### What you have to do
Write out every entry, unchanged. Skip any picture.
BEGIN Data excerpts
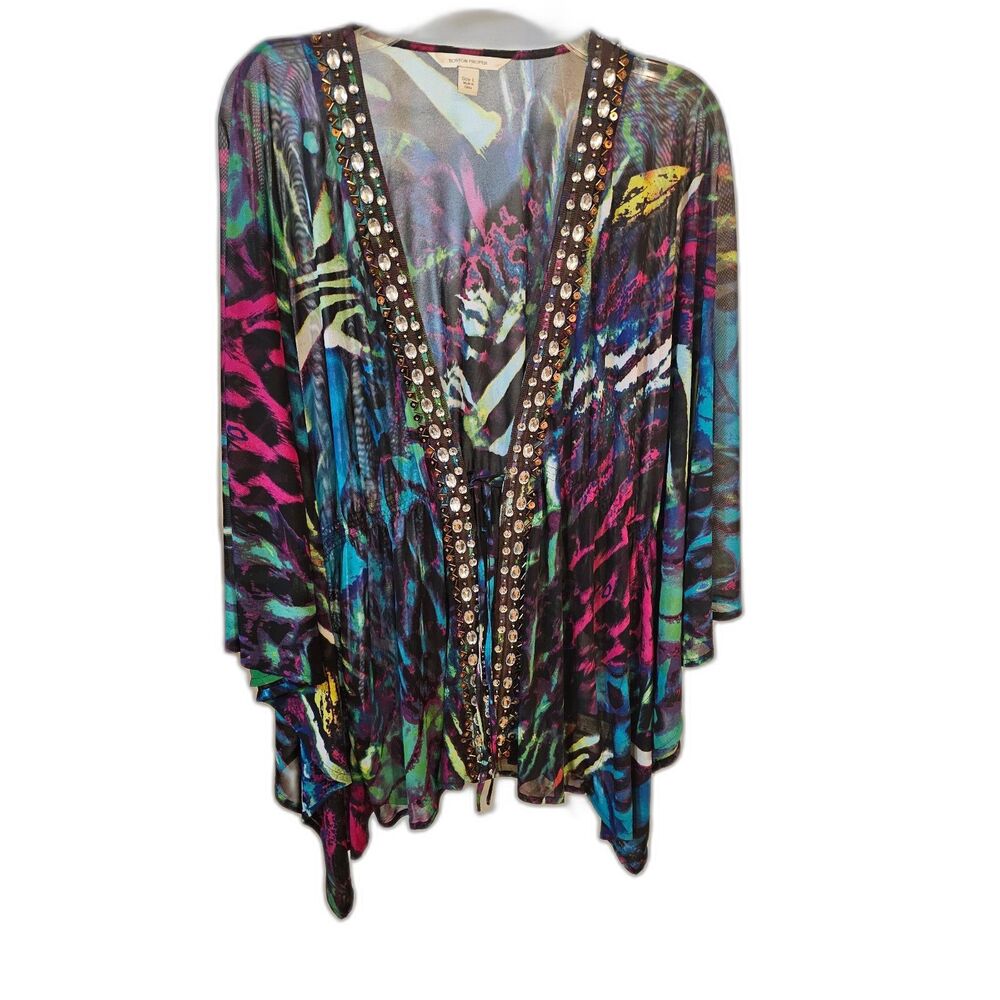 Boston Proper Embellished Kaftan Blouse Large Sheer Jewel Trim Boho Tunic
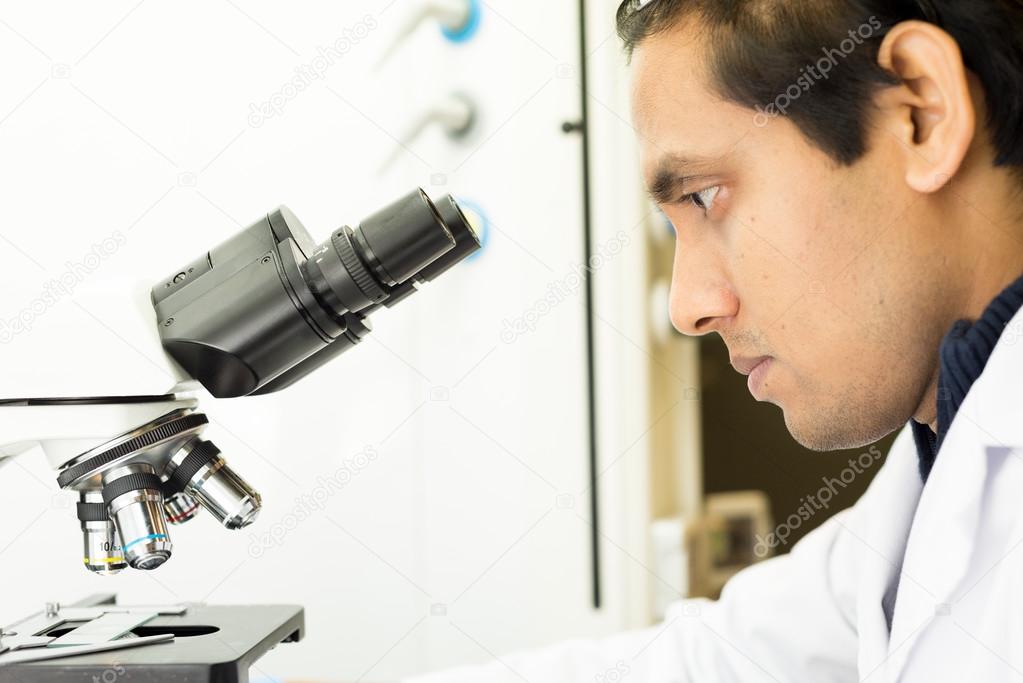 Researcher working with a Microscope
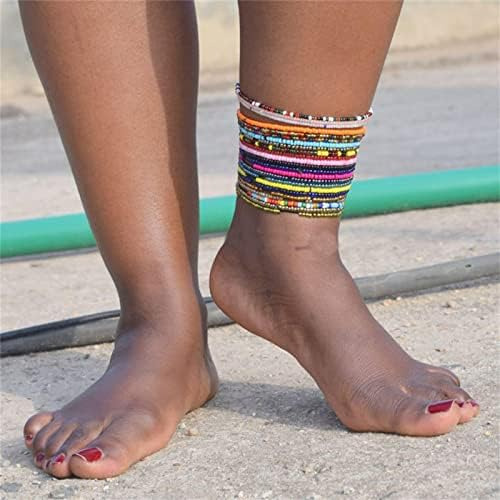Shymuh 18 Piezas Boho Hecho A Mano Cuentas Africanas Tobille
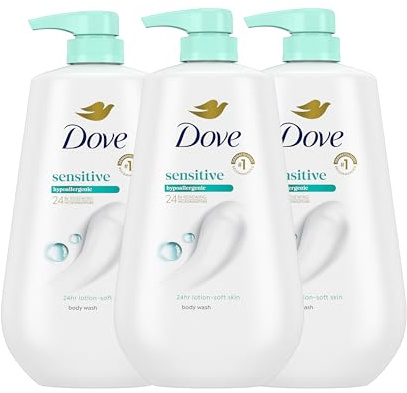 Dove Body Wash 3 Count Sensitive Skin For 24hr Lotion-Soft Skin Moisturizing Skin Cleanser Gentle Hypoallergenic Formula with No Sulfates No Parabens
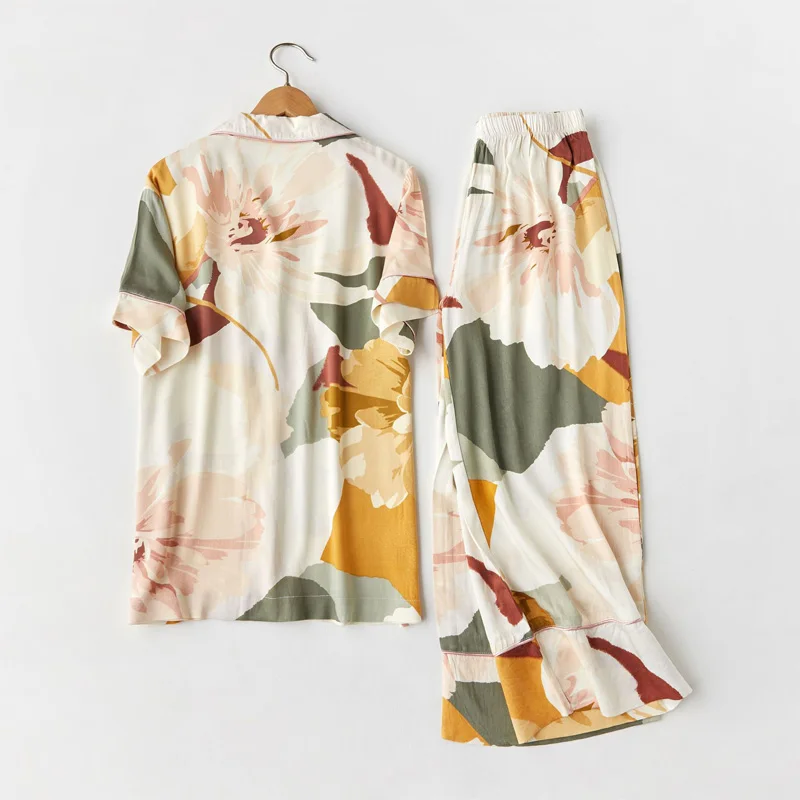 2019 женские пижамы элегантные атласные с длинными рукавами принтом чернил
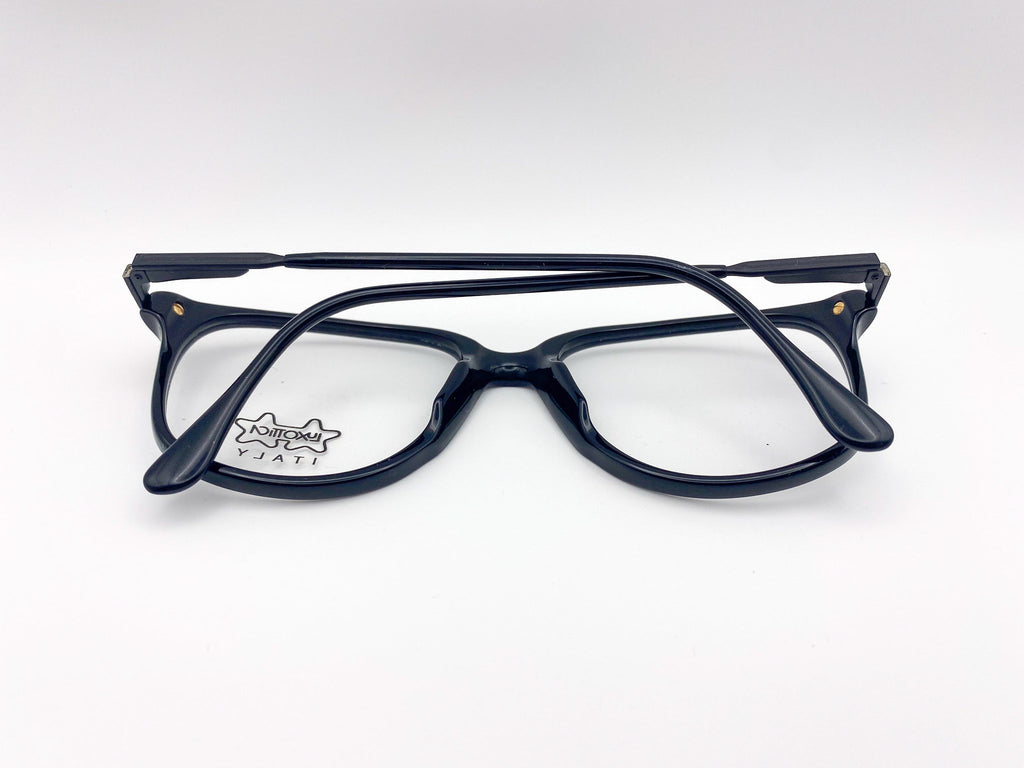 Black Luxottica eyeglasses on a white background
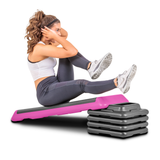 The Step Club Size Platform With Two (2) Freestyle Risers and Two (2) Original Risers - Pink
END Data excerpts
### Answer for this exercise
 Boston Proper Embellished Kaftan Blouse Large Sheer Jewel Trim Boho Tunic
 Researcher working with a Microscope
Shymuh 18 Piezas Boho Hecho A Mano Cuentas Africanas Tobille
 Dove Body Wash 3 Count Sensitive Skin For 24hr Lotion-Soft Skin Moisturizing Skin Cleanser Gentle Hypoallergenic Formula with No Sulfates No Parabens
 2019 женские пижамы элегантные атласные с длинными рукавами принтом чернил
 Black Luxottica eyeglasses on a white background
 The Step Club Size Platform With Two (2) Freestyle Risers and Two (2) Original Risers - Pink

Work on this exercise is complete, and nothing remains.